You can then measure the curve of subjective satisfaction with their lives and
value can be defined as "the impact of a good or service on the satisfaction
curve of a recipient's life".

Tying value to the subjective experience of the outcomes is qualitatively
different than tying value to subjective beliefs about the goods or services.

For example, someone might buy a million dollar McMansion because they
subjectively believe it's valuable to them, and then discover that they're
miserable in it because it's horribly designed, poorly constructed, and
expensive to maintain. That's fundamentally different from someone who buys a
house that is cheap to heat and cool, makes their everyday tasks easier, and
causes the release of pleasure chemicals in a sustainable and helpful way.

The latter has intrinsic value in a way the former doesn't.

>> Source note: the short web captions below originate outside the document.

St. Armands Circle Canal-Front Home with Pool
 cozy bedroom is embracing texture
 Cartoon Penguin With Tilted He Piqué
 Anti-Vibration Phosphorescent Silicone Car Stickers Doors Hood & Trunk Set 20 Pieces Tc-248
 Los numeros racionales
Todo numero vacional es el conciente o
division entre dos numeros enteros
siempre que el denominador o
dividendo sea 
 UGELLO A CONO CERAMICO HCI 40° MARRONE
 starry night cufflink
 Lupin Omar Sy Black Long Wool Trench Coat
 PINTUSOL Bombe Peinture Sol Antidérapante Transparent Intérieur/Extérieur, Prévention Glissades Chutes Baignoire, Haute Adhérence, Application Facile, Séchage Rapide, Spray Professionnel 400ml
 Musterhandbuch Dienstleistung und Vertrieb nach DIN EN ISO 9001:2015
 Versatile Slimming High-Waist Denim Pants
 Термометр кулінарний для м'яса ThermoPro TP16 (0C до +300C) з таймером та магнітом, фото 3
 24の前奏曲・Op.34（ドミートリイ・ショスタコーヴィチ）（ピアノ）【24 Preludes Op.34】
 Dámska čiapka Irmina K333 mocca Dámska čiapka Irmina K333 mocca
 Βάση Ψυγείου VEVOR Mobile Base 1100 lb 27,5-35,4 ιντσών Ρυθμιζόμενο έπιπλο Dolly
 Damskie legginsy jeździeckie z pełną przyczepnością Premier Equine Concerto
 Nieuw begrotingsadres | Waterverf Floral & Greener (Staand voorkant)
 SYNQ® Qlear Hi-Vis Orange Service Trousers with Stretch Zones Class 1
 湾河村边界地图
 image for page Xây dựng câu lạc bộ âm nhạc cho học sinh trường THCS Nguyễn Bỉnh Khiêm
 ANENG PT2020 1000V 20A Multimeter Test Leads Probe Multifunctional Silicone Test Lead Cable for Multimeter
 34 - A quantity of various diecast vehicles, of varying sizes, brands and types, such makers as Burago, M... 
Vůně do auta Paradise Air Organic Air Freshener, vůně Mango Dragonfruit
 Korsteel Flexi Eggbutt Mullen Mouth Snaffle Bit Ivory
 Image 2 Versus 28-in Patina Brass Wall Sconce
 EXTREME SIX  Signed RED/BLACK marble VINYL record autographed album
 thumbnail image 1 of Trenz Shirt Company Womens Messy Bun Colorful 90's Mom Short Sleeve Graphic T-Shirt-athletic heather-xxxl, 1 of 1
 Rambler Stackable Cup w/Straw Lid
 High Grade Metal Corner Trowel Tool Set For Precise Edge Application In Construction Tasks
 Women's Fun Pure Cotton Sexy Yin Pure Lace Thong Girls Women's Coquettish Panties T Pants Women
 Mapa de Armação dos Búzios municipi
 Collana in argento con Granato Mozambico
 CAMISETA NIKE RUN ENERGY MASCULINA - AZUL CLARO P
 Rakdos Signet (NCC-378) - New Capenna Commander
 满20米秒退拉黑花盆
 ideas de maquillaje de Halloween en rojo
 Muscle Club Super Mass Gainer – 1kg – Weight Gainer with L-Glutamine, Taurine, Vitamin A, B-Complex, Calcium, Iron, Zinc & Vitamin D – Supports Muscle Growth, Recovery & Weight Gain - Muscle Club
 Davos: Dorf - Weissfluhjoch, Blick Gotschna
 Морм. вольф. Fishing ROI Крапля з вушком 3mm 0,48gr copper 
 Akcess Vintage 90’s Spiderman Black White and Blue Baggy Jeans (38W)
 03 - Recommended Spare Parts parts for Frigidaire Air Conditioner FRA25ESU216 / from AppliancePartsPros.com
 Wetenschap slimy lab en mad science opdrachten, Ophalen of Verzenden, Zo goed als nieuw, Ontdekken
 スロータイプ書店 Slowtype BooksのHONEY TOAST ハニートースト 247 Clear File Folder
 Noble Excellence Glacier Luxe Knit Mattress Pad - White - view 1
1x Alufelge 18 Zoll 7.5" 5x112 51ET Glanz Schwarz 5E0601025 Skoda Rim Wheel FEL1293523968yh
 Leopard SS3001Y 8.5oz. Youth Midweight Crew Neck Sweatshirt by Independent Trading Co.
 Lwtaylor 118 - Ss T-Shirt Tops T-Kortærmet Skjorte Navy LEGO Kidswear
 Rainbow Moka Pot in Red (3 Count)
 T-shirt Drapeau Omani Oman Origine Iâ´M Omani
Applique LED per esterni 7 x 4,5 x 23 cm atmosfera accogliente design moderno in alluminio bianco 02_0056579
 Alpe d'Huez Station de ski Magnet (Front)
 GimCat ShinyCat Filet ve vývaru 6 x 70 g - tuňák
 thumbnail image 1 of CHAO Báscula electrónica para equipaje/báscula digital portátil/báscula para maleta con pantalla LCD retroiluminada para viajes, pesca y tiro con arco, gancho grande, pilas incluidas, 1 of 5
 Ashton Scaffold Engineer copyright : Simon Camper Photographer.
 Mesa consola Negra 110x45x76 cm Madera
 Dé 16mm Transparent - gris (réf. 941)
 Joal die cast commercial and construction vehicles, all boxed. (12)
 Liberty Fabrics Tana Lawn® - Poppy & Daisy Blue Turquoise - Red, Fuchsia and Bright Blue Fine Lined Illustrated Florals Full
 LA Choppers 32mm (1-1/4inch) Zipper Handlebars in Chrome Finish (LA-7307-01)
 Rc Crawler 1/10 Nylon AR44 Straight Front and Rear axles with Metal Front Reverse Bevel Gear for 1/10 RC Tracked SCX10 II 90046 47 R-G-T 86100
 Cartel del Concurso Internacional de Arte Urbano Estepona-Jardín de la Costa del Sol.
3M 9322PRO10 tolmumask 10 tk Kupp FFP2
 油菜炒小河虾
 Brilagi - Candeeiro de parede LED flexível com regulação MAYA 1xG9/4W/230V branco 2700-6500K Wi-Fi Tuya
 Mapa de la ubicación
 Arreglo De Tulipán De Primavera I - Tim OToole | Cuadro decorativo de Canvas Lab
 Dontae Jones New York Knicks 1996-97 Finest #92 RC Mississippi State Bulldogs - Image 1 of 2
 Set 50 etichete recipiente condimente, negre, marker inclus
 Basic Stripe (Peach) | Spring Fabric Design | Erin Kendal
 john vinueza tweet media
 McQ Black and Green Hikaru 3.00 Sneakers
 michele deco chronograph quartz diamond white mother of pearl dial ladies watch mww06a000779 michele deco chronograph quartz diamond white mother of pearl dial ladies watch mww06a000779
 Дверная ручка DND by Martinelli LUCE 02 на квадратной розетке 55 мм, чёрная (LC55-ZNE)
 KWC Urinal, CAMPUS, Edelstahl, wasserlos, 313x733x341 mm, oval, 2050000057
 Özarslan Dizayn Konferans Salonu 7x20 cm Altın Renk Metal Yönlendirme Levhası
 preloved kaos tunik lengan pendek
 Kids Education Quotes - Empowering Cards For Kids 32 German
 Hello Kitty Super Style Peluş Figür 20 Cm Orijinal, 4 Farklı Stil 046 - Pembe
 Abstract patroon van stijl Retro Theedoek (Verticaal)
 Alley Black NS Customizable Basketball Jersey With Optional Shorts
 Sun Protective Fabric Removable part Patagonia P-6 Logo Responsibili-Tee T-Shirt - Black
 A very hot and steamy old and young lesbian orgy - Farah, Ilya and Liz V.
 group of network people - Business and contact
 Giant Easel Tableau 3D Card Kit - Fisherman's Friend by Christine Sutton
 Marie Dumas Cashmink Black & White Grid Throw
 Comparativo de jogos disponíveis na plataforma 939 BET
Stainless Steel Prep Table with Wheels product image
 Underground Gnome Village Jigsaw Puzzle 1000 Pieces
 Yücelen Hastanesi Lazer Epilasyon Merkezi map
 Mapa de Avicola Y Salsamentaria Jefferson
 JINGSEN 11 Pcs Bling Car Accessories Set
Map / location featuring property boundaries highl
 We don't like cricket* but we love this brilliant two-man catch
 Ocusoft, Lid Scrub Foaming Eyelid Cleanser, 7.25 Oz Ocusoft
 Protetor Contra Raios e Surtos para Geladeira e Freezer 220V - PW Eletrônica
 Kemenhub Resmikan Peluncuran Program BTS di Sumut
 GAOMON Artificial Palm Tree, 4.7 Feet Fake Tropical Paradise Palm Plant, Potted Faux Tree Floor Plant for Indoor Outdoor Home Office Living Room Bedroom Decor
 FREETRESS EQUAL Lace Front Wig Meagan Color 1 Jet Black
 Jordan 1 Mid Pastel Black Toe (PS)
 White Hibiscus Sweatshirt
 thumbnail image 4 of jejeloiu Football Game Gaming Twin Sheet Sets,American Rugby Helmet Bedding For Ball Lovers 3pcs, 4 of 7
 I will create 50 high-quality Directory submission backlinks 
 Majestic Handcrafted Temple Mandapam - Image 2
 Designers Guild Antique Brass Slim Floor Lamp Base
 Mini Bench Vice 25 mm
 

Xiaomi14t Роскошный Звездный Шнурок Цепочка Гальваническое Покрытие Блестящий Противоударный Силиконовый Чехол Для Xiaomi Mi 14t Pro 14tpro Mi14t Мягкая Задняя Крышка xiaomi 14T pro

Edit: You can also define value as the ability for a good to increase your
overall wealth. So, some goods have a cost, and do nothing to my net worth
(lottery ticket). But some, if you look at the longer term, have a cost, but
also add to my net worth (buying a soy milk maker). If you put a dollar value
on your experiences, this can cover everything.

------
Tycho
The next period of history could be defined as the post nation-state era, and
of all the supranational technologies and institutions that will make this so,
bitcoin could be the most important.

I'm talking about the ability of governments to restrict the activity of
citizens and also to fund themselves from said activity.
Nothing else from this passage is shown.